======== Record extracts
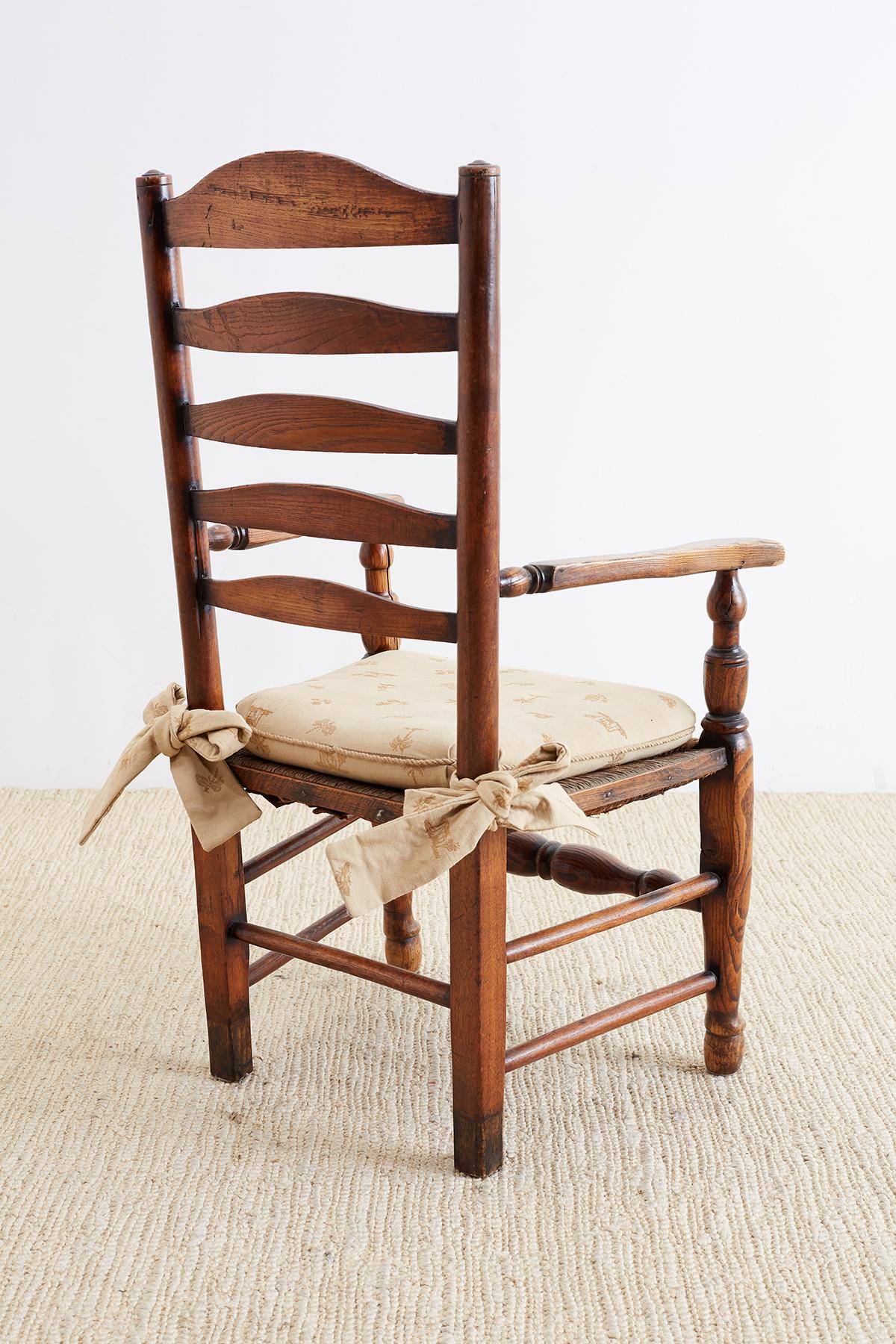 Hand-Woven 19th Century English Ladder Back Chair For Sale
================
======== Record extracts
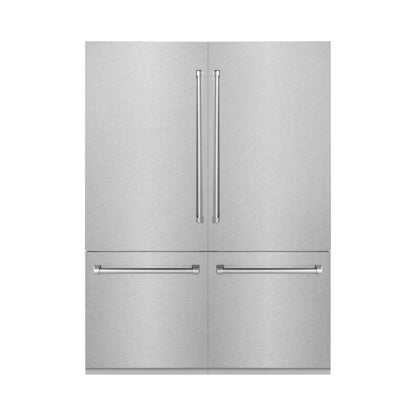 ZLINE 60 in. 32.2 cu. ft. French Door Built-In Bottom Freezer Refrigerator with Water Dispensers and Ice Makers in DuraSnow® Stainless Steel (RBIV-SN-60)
================
======== Record extracts
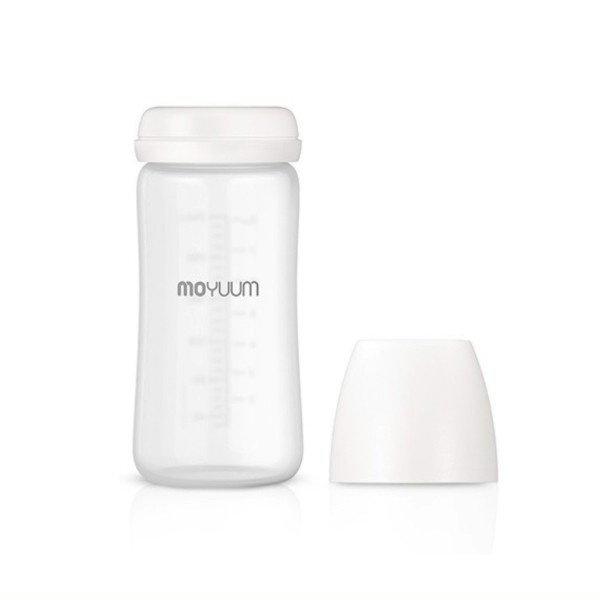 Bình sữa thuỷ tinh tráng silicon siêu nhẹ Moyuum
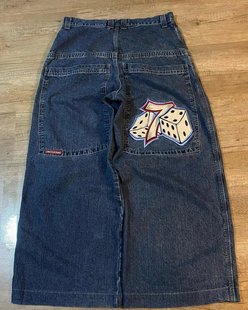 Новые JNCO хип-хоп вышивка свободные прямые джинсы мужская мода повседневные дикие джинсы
================
* **Your goal**: In the material above, which lines fall between the one holding "Bình sữa thuỷ" and the one holding "Новые JNCO хип-хоп", inclusive? Print exactly those, with the pictures left out.

* **Solution**:
 Bình sữa thuỷ tinh tráng silicon siêu nhẹ Moyuum
 Новые JNCO хип-хоп вышивка свободные прямые джинсы мужская мода повседневные дикие джинсы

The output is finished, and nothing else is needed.